Civil 3D Users must perform the actual connection tasks and the internal project management work.
A Managed Dynamic Model must be a functional and daily reality for users.
The project management work effectively depends on people that understand and prioritize this project management work.
It is way too easy to lose our perspective and sense of priority inside a working project.

The Civil 3D Implementation Project

To effectively test Civil 3D project functionality, we need known Feature data to examine and test our Style tools and the processes (workflows) all the way to our final delivery endpoints.

A Civil 3D implementation project has a Feature centric structure often built around the major Collector Features employed in the project. Yes. That means there are types of projects and/or subprojects if you prefer.

The project structure must recognize Existing conditions, multiple potential Proposed design conditions, and submitted or published conditions.
It must be able to adapt to Managed Dynamic Model changes – changes of State.

The structure itself must contain and track data going in and published Feature data coming out by known methods users can see inside and outside of the software.

Both inside and outside of Civil 3D, the names of the many parts of the project structure are our best management tools.

Identify and Track Feature Limitations

All development and design work, including Civil 3D implementation, is a work in progress.

  • The Civil 3D Features are not perfect.
    Current Civil 3D Feature capabilities and limitations must be assessed.
  • Do we study the known Feature limitations that may affect our work?
  • Do we search out work-arounds before the limitations become a crisis?
  • Do we reassess after new Releases, Updates, or other enhancements?
  • Do our old expectations generate false limitations?
    This final form of Assumption happens to the Civil 3D expert and novice alike.

Due to the object-oriented methodology in which Civil 3D is developed and maintained, our access to the Features and our ability to affect their output is very consistent. The Civil 3D Features and the Civil 3D object model does change, but how the Feature works and how we can get at them cannot be significantly changed without undermining the previous programming work.
We can bet and bear witness to that happens rarely.
Programmers are people too.

Features Are Not People

We can love or hate them, but Civil 3D Features are not people.

  • Features don’t care if they are understood.
  • Features don’t mind being objectified.
  • All Features suffer from the worst form of Autism.
    They try to swallow what we feed them like great white sharks.
  • Features remorselessly reject what they do not understand
    even if the data makes perfect sense to us.
  • If we feed them in the wrong order or push them too quickly
    Feature will reject us and that may wreck our day.
  • Civil 3D Features don’t care much about their personal hygiene nor
    how that reflects on us.

Civil 3D Feature Property Fundamentals

Civil 3D Feature property fundamentals are in every civil engineering and survey project’s critical path. Feature Properties define the Civil 3D data behind.

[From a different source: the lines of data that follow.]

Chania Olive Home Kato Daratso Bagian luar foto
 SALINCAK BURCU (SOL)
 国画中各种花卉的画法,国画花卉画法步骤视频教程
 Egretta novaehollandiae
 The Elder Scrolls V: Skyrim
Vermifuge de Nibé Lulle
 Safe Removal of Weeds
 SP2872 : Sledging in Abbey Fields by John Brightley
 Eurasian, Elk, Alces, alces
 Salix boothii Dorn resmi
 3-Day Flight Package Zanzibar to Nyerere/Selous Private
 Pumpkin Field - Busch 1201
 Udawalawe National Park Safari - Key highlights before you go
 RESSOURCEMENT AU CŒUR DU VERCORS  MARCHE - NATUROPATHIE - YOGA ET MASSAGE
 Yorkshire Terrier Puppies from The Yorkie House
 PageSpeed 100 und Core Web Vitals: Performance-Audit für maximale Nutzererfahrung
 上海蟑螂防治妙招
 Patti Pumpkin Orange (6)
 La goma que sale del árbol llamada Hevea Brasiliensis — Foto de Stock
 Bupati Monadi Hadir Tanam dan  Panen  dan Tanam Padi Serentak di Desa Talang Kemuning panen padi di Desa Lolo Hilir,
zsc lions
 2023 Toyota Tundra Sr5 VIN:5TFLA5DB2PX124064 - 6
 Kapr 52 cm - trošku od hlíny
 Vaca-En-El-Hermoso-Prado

  • Civil 3D training must include the care and feeding of each Feature.
  • Almost all Features have properties that can only be set on creation.
  • Every Feature has properties that can be changed later.
  • If yours is a larger organization, assign the learning and delivery tasks to different Civil 3D Feature mission specialists.

The subtle, identifiable, and nuanced differences between the two distinct sets of properties are vitally important to understand and communicate. Note that many Civil 3D updates and improvements make previously fixed on-create properties into unfixed and changeable properties.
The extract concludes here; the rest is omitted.